Sila berbalik menatap tangannya yang dicekal dan menatap seseorang yang mencekal tangannya. Albern, Albern mencekal tangan Sila sembari menatap Sila penuh dalam. Hanya sinar rembulan lah yang menyinari wajah keduanya. Sila menelan salivanya susah, entah ada apa dengan dirinya Sila pun tak tau itu.
"Albern, aku ..." Albern menarik tangan Sila hingga Sila terjatuh diatasnya. Jarak Albern dan Sila hanya beberapa centi saja, bahkan Sila sampai menahan napasnya karena berjarak sangat dekat dengan Albern. Hembusan napas Albern yang lembut menerpa wajah Sila, menyapu lembut seisi wajah Sila.
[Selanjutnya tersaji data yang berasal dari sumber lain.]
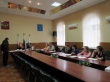 Состоялось заседание комиссии по делам несовершеннолетних и защите их прав 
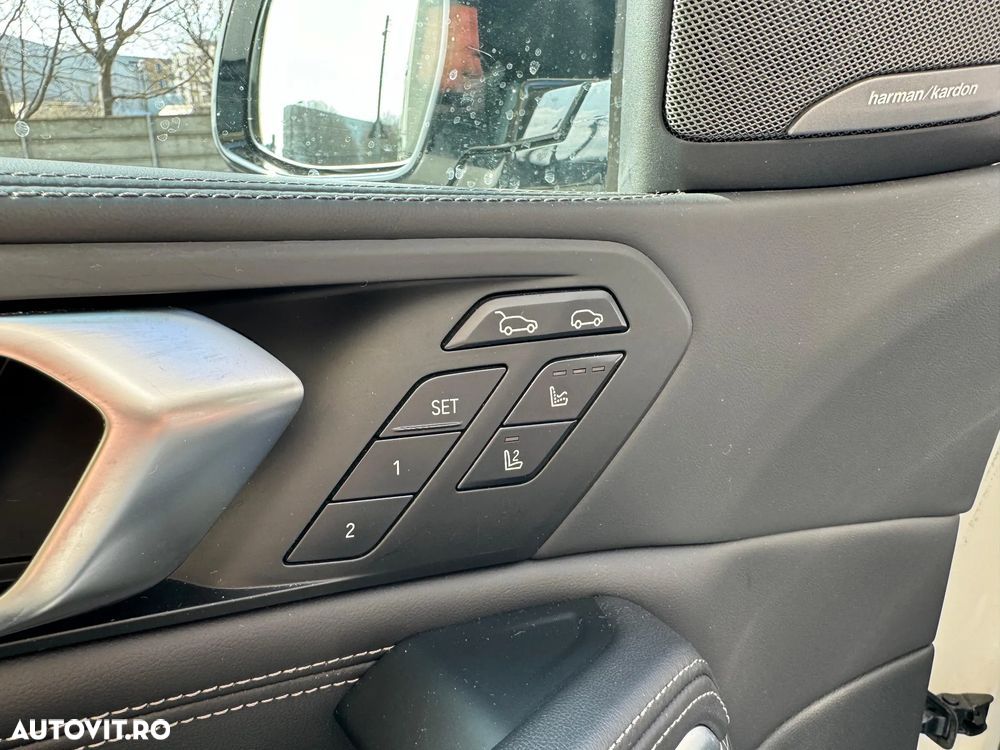 BMW X6 xDrive40d AT MHEV - 3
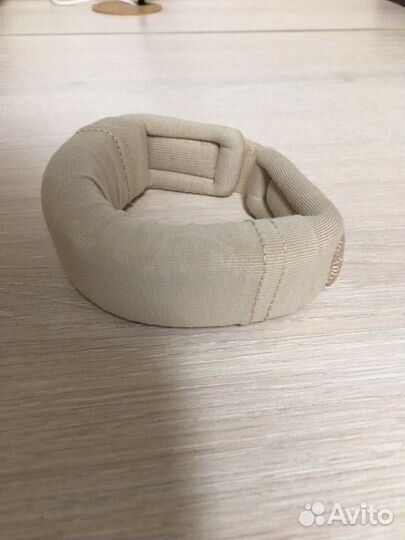 Воротник бандаж шейный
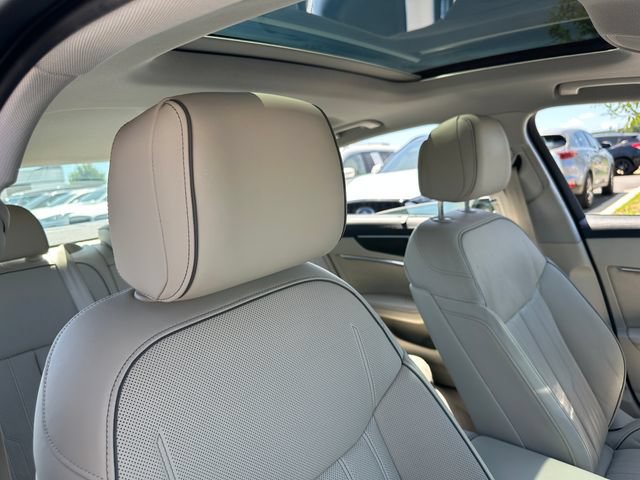 Used 2019 Audi A6 3.0T Prestige w/ Prestige Package AWD/4WD image 32
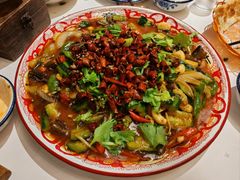 -江味龙虾馆·裸蓝龙虾(南山店)
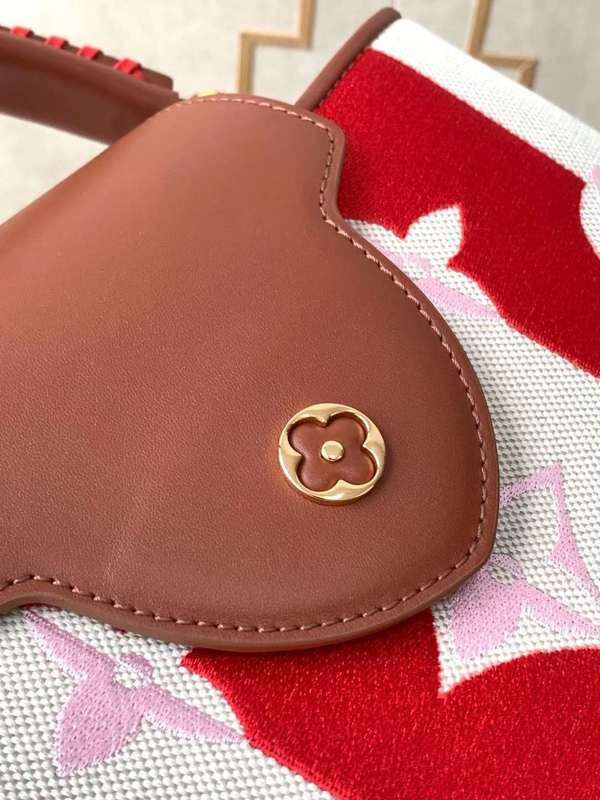Amelia - LV Bags - 12516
Perlahan tapi pasti Albern mendekatkan wajahnya dengan Sila dan ...
Cup
Kecupan Singkat Sila dapatkan dari Albern. Sila mematung ditempatnya. Ingin rasanya Sila menampar wajah Albern karena menciumnya sembarangan, namun ada apa dengan tubuhnya. Bahkan tubuh Sila menerima ciuman tersebut.
"Temani aku disini." Ucap Albern pelan dan terlihat lemah. Sila mengangguk, tapi sungguh Sila merasa risih dengan posisinya saat ini. Tapi lama-kelamaan mata Sila terasa berat dan dirinya akhirnya terlelap juga dalam dekapan hangat Albern.